- [Work to complete]
Please copy every line of the data in which the string "Chicken" appears.

- [Task input]

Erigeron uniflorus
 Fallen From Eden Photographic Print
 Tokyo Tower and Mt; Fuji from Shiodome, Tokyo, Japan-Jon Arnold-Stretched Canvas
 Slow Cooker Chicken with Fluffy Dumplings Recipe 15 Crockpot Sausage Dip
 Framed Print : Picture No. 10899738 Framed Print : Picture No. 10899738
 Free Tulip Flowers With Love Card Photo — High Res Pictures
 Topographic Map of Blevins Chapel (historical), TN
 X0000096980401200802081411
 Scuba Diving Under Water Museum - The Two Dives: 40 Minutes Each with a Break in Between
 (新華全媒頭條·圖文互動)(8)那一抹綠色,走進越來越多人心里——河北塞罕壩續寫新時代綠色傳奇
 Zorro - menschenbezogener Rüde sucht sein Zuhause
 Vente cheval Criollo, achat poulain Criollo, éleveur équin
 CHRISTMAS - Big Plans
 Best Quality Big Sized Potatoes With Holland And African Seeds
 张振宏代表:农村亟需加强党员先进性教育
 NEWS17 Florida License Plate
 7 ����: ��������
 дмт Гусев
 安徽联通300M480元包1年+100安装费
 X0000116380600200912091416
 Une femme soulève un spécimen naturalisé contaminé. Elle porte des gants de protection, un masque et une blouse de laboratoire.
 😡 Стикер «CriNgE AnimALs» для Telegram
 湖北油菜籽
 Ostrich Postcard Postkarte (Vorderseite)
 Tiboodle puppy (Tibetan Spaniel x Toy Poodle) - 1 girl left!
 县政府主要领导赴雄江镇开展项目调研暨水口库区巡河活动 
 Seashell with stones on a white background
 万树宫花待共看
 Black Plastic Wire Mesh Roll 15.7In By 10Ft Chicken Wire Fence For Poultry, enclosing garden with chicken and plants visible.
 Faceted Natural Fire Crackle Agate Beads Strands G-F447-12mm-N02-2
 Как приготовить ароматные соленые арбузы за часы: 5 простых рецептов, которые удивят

- [Result of the task]
 Slow Cooker Chicken with Fluffy Dumplings Recipe 15 Crockpot Sausage Dip
 Black Plastic Wire Mesh Roll 15.7In By 10Ft Chicken Wire Fence For Poultry, enclosing garden with chicken and plants visible.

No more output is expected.